Indem das Verwaltungsgericht unter Verstoß gegen die Rechtsprechung des Bundesverwaltungsgerichts über die notwendig durchzuführende Vollprüfung der Klage abgewiesen hat, hat es seine gesetzliche Aufklärungspflicht (§ 86 Abs. 1 VwGO) verletzt (vgl. Urteil vom - BVerwG 6 B 40.90 - a.a.O.). Die im Kriegsdienstverweigerungsrecht gründende "Vollprüfung" als Voraussetzung der Ablehnung einer Klage auf Anerkennung als Kriegsdienstverweigerung markiert nämlich zugleich die vom Verwaltungsgericht zu beachtende Pflicht zur Amtsermittlung nach § 86 Abs. 1 VwGO. Das Urteil beruht auch auf diesem Verfahrensverstoß, weil nicht ausgeschlossen werden kann, dass im Falle einer inhaltlichen Auseinandersetzung mit den Verweigerungsgründungen des Klägers, unter Einschluss der Darstellung bei seiner Vernehmung als Partei, das Verwaltungsgericht anders entschieden haben würde.
b) Ist somit bereits die Verfahrensrüge begründet, so kann auf sich beruhen, ob auch die Divergenzrüge durchgreift.
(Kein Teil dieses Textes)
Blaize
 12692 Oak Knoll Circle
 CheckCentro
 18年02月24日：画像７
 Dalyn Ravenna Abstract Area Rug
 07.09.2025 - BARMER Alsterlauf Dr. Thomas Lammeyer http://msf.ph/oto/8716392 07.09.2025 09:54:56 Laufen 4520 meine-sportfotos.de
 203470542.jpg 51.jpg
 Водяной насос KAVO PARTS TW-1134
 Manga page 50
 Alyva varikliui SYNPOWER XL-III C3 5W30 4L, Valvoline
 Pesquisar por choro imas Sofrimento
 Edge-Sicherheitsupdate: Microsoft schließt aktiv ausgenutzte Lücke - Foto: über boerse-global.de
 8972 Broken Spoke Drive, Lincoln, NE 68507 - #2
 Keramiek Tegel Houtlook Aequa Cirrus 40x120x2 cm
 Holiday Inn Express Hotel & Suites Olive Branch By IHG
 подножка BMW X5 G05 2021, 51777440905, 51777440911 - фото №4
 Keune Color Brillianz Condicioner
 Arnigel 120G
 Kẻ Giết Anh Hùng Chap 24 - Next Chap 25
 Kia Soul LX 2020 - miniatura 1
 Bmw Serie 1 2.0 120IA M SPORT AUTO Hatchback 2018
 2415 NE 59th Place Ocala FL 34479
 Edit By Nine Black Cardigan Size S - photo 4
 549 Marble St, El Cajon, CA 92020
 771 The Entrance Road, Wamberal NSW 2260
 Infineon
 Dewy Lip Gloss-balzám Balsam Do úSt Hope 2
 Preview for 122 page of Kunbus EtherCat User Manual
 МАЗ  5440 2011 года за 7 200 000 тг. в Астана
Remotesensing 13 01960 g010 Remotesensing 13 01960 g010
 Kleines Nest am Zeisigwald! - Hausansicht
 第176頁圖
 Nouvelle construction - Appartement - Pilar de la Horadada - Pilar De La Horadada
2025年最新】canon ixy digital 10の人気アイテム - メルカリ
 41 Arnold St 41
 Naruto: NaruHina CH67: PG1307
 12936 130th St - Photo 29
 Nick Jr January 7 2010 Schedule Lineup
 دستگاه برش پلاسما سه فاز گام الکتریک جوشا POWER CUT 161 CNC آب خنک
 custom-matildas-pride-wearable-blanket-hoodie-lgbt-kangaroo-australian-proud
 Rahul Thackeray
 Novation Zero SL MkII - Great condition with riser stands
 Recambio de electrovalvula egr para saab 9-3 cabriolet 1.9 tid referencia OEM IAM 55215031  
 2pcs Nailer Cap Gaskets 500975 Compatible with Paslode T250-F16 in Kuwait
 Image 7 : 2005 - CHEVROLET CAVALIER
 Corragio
In diesem Falle bezöge sich die festzustellende Abweichung von der zitierten Rechtsprechung des Bundesverwaltungsgerichts ebenfalls nur auf das bei der gerichtlichen Prüfung von Anerkennungsbegehren einzuhaltende Verfahrensrecht, so dass sich eine zusätzliche Aussage, welche über die mit dem Erfolg der Verfahrensrüge verbundene hinausgeht, damit nicht gewinnen ließe (vgl. BVerwG 6 B 32.95 - Buchholz 448.6 § 5 KDVG Nr. 7).
2. Der Senat macht im Interesse der Verfahrensbeschleunigung von der ihm nach § 133 Abs. 6 VwGO eingeräumten Möglichkeit Gebrauch, das angefochtene Urteil aufzuheben und die Sache zur anderweitigen Verhandlung und Entscheidung an das Verwaltungsgericht zurückzuverweisen. Das Verwaltungsgericht wird im weiteren Verfahren den Kläger zu seinen Gewissensgründen als Partei vernehmen und auf dieser Grundlage erneut über sein Anerkennungsbegehren entscheiden müssen. Das schließt nicht aus, dass es in die ihm obliegende umfassende Würdigung des entscheidungserheblichen Sachverhalts das Verhalten des Klägers im Verwaltungsverfahren einbezieht und, sofern sich bei seiner Vernehmung Zweifel an der Ernsthaftigkeit seiner Gewissensentscheidung ergeben sollten, diese Zweifel durch sein Verhalten im Verwaltungsverfahren bestätigt findet (vgl. BVerwG 6 B 11.03 - juris).
3. Die Festsetzung des Streitwertes für das Beschwerdeverfahren beruht auf § 14 Abs. 1 Satz 1, Abs. 3, § 13 Abs. 1 Satz 2 GKG.